### AVAILABLE RECORDS
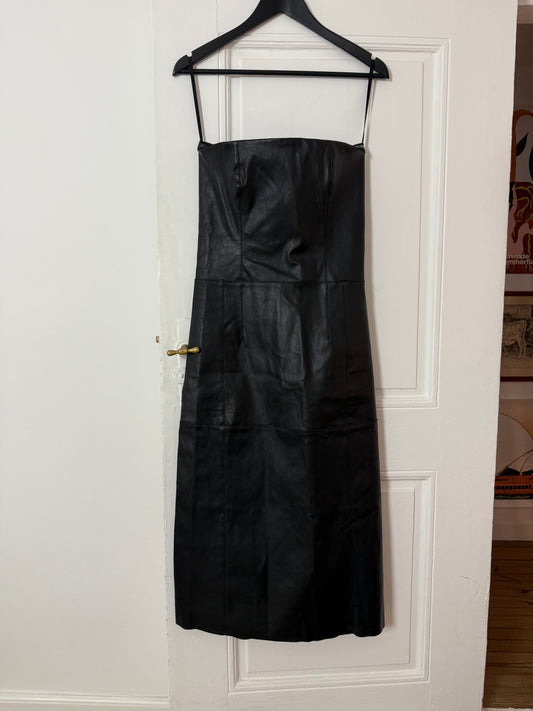 Maje Black Leather Strapless Dress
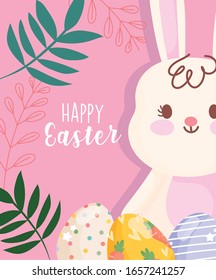 feliz Pascua conejo blanco lindo con pintura decorativa huevos follaje ilustración vectorial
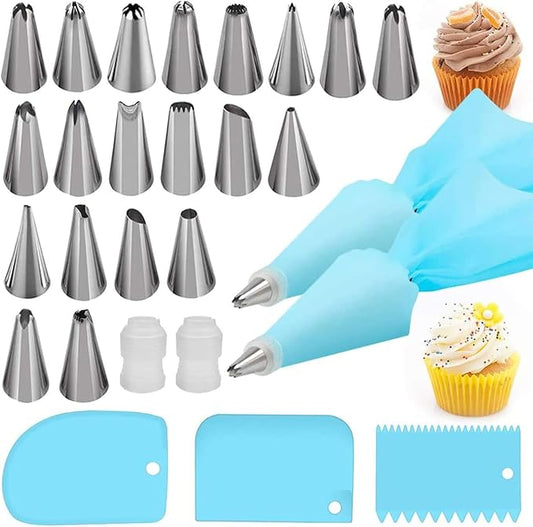 Silicone Icing Piping Bag,Reusable Cream Pastry Bag and 20× Stainless Steel Nozzle Set DIY Cake Decorating Tool(20×Nozzle, 2×Icing Cream Pastry Bag and 2 X Converter and 3×Scraper)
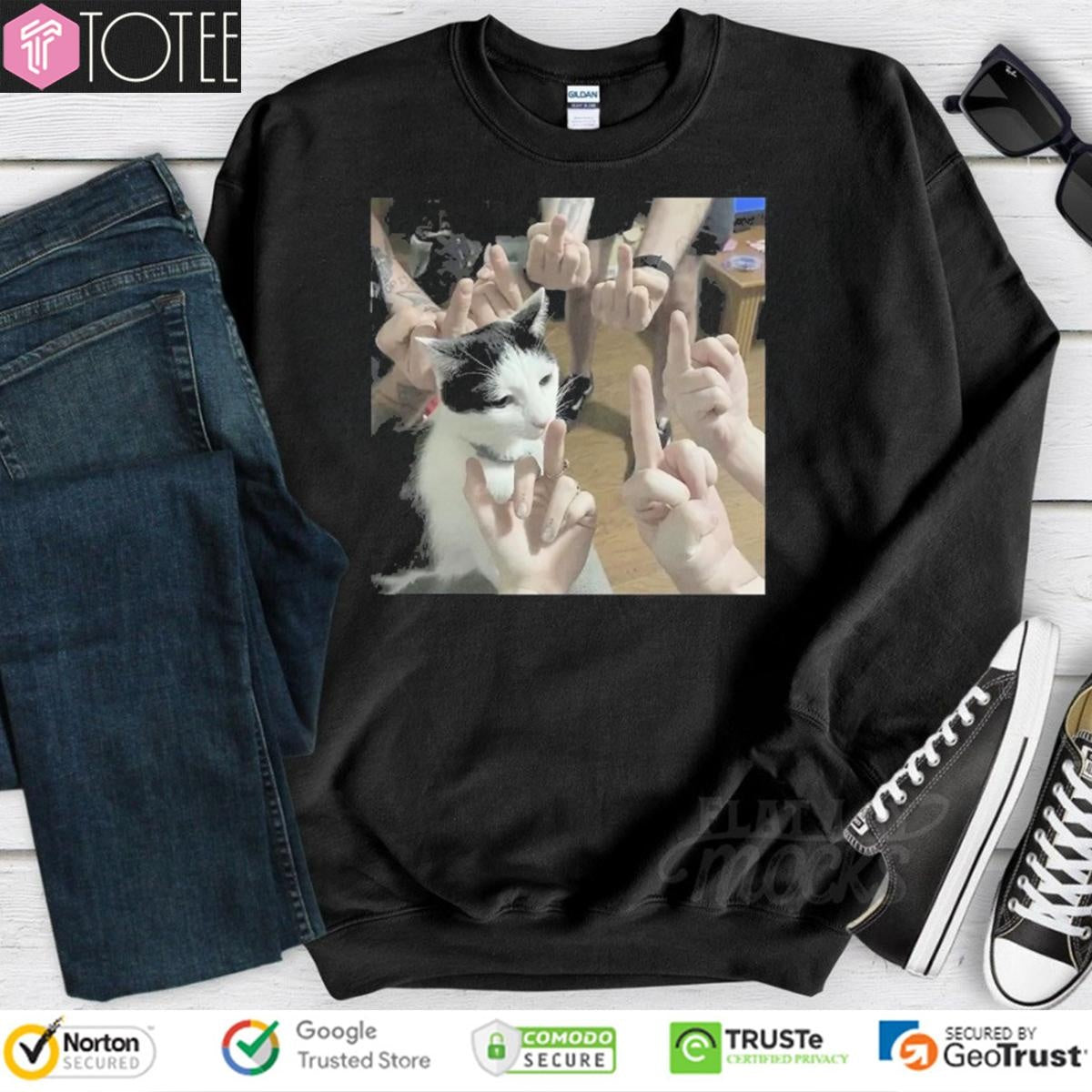 Cat Surrounded By Middle Fingers Meme T-shirt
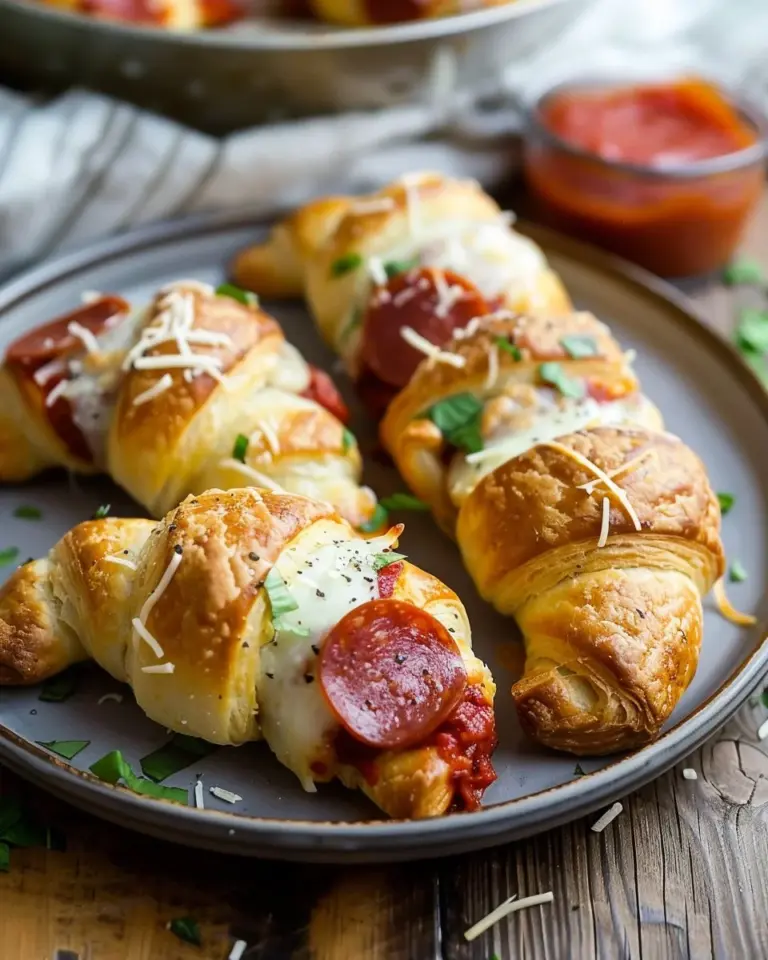 Golden mozzarella pepperoni croissant rolls freshly baked and served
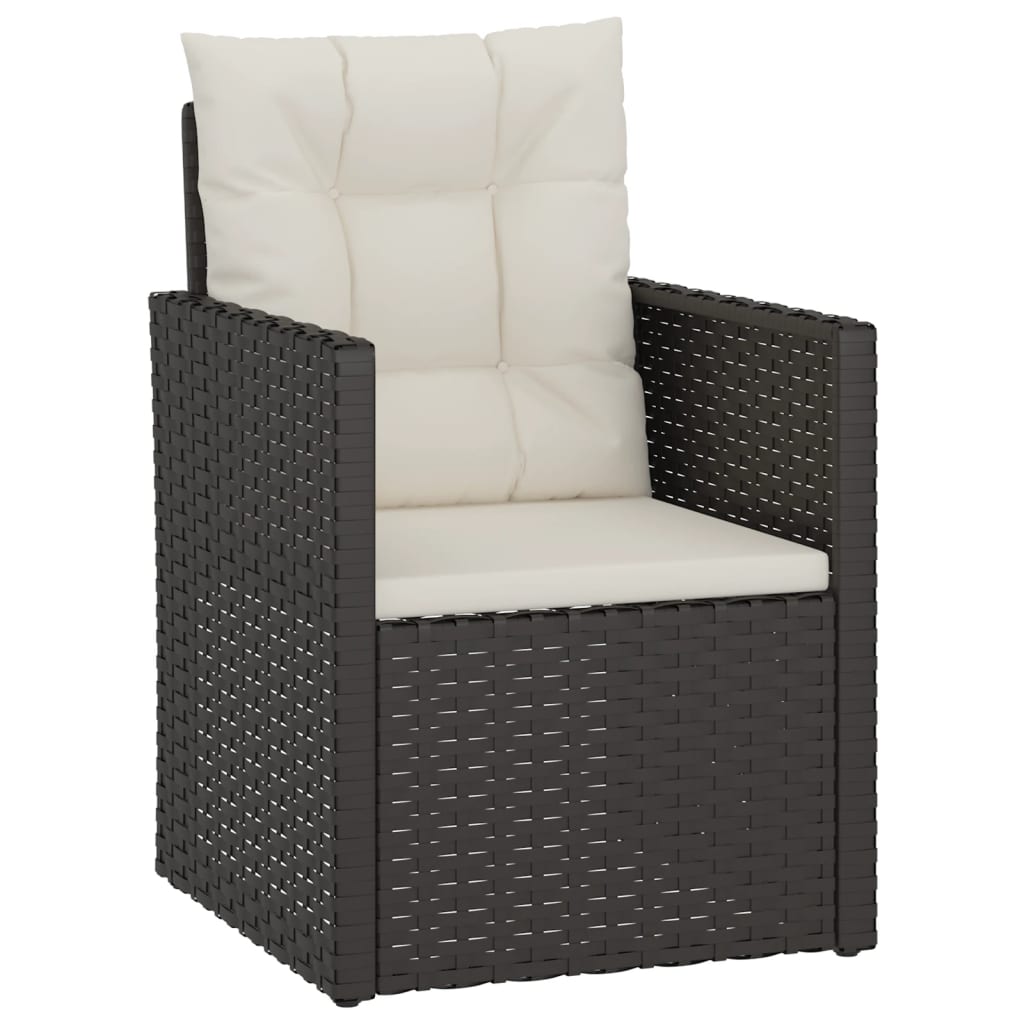 Set Salotto da Esterno 4 pz con Cuscini in Polyrattan Nero | homemem39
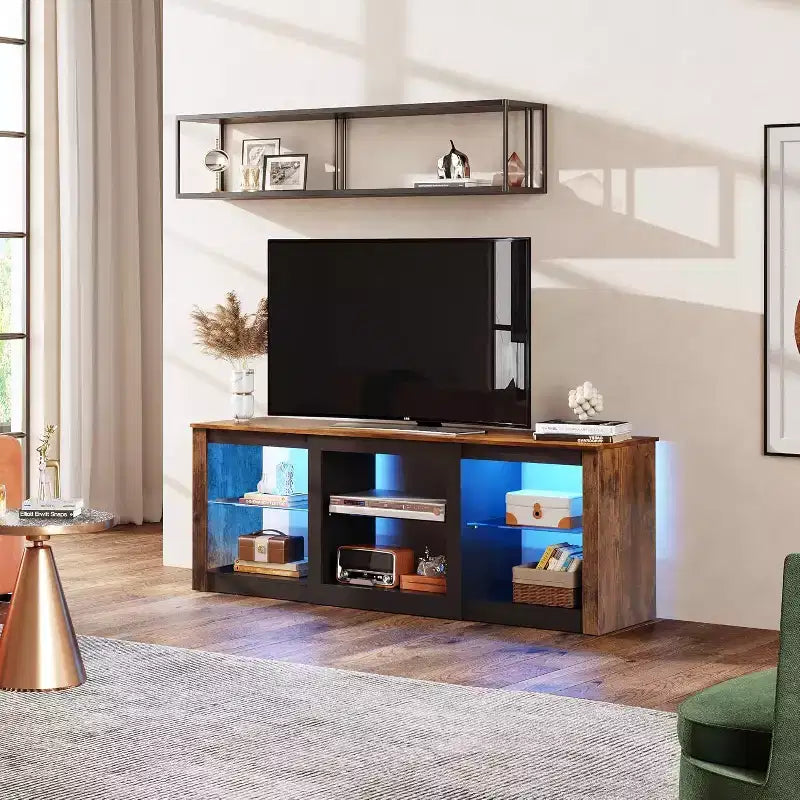 GALAXHERO Mobile TV con Luci LED per TV fino a 65 pollici, Centro di Intrattenimento con Ripiani in Vetro, Consolle TV Moderna per Soggiorno, Bianco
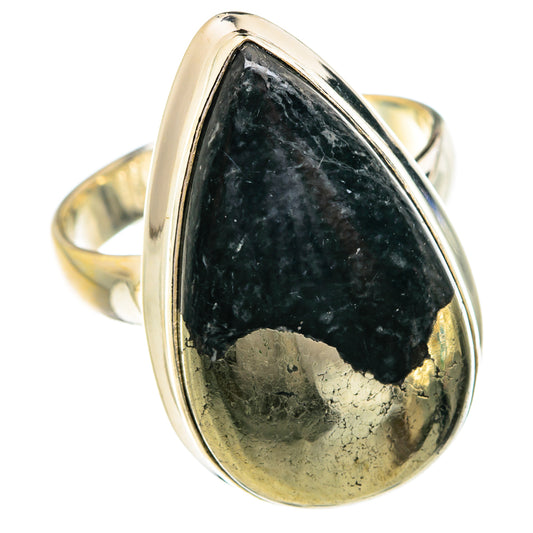 Pyrite in Magnetite (Healer's Gold) Rings handcrafted by Ana Silver Co - RING77076
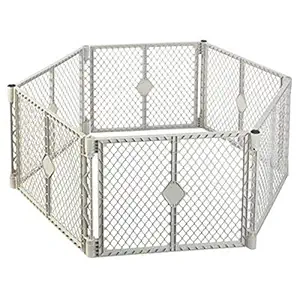 North States Industries IND 8666 Grey 6 Panel Play Gate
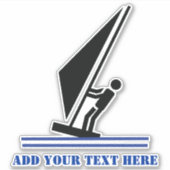 Windsurfer an Bord, schwarz und blau Aufkleber (Vorderseite)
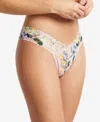 Hanky Panky Low-rise Printed Lace Thong Pr4911 In Cannes You Believe It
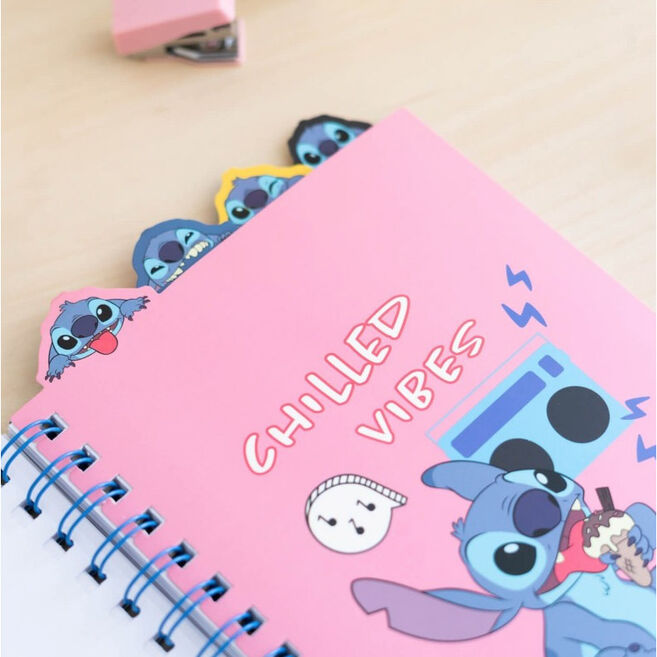 Cuaderno A5 Stitch Disney azul con piña y cuatro separadores - 4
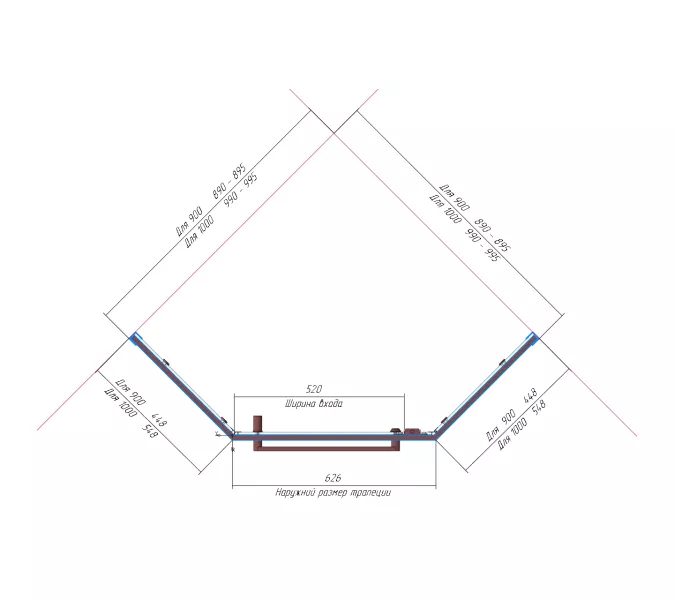 Душевой уголок RGW HO-081, Цвет стекла: матовое-сатинат, Цвет профиля (вариация): Хром, Выбрать размер: 90x90, изображение 3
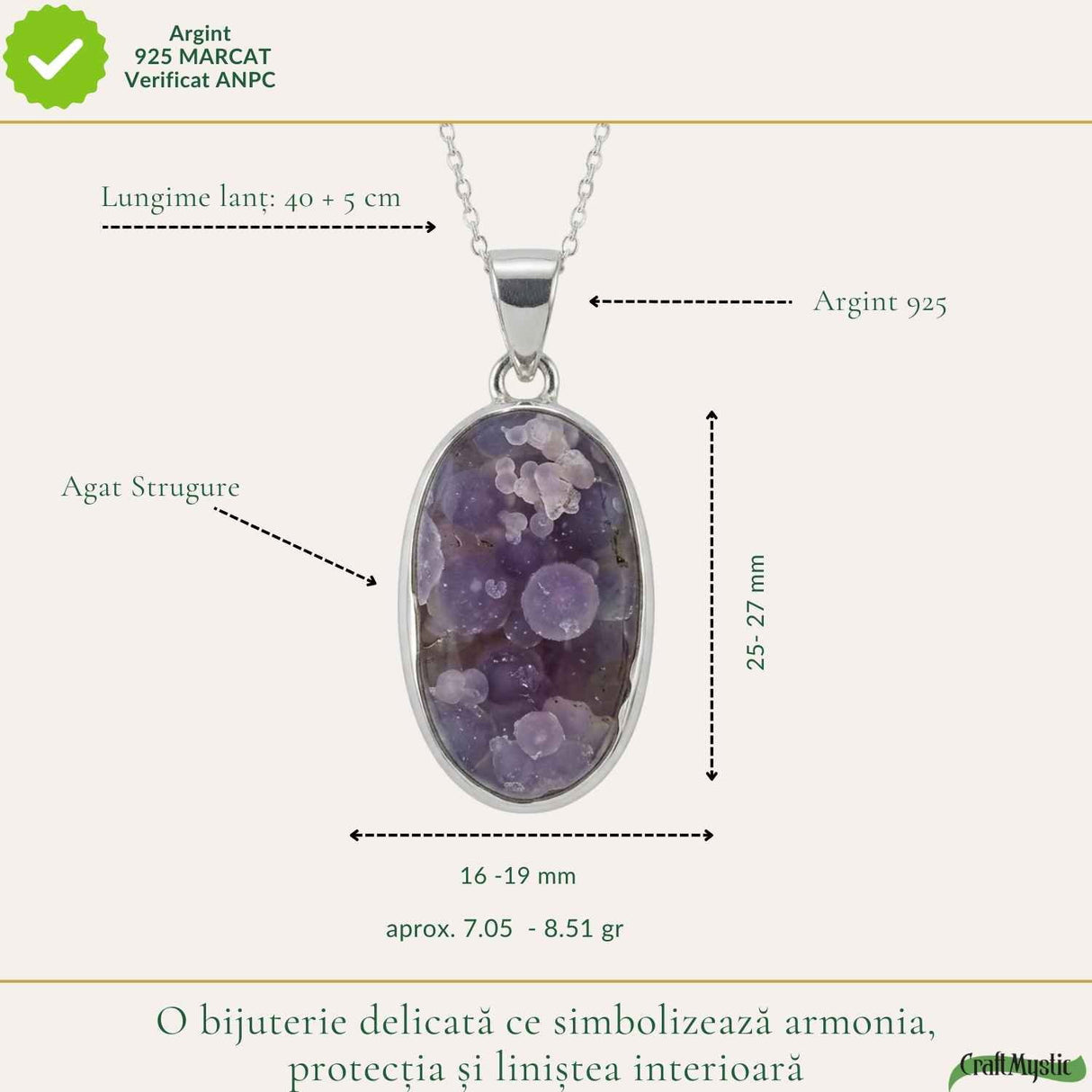 Colier Argint 925 cu Agat Strugure Natural Oval – Calm, Intuitie si Echilibru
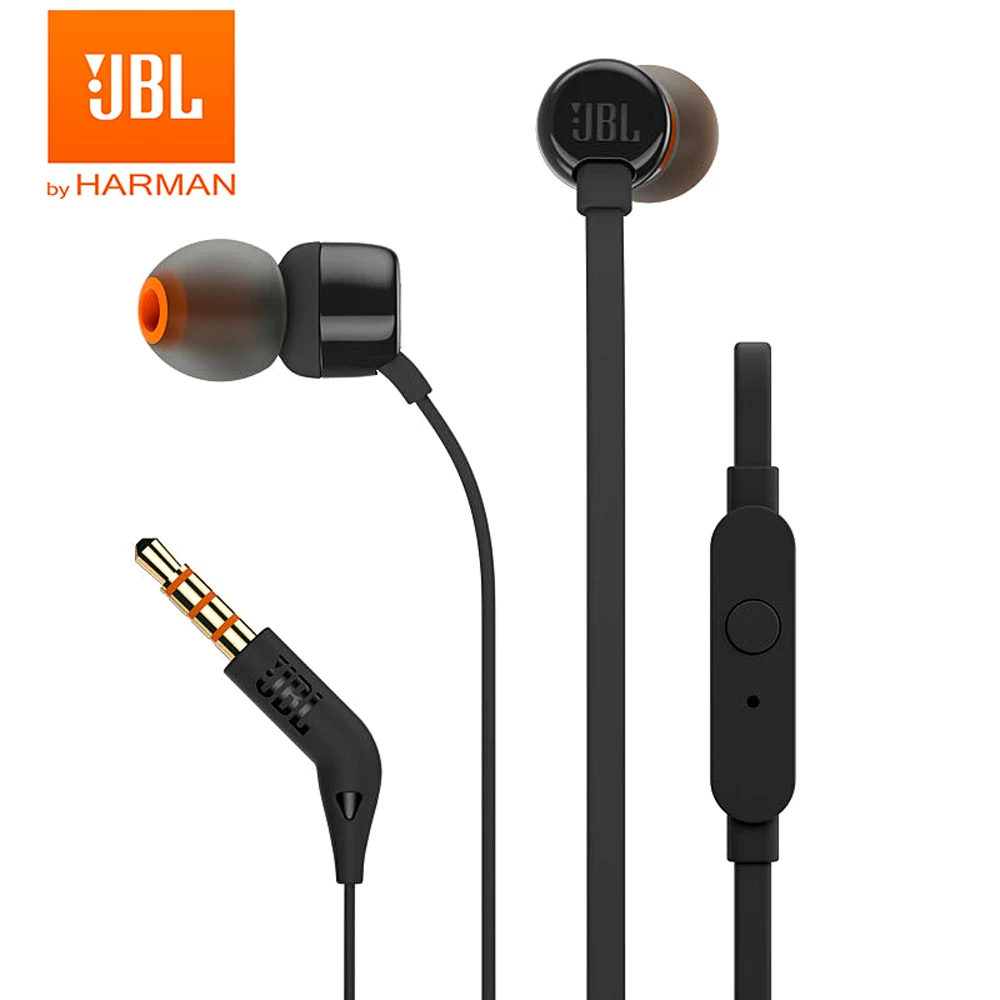 JBL T110 3,5 мм проводные наушники стерео музыка бас гарнитура спортивные наушники встроенный контроль Hands-free с микрофоном - Цвет: Черный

### TASK BRIEF
Transcribe exactly, with no pictures, the lines running from the first line of the material through the line holding "Cat Surrounded By".

### RESPONSE TO THE EXERCISE
 Maje Black Leather Strapless Dress
 feliz Pascua conejo blanco lindo con pintura decorativa huevos follaje ilustración vectorial
 Silicone Icing Piping Bag,Reusable Cream Pastry Bag and 20× Stainless Steel Nozzle Set DIY Cake Decorating Tool(20×Nozzle, 2×Icing Cream Pastry Bag and 2 X Converter and 3×Scraper)
 Cat Surrounded By Middle Fingers Meme T-shirt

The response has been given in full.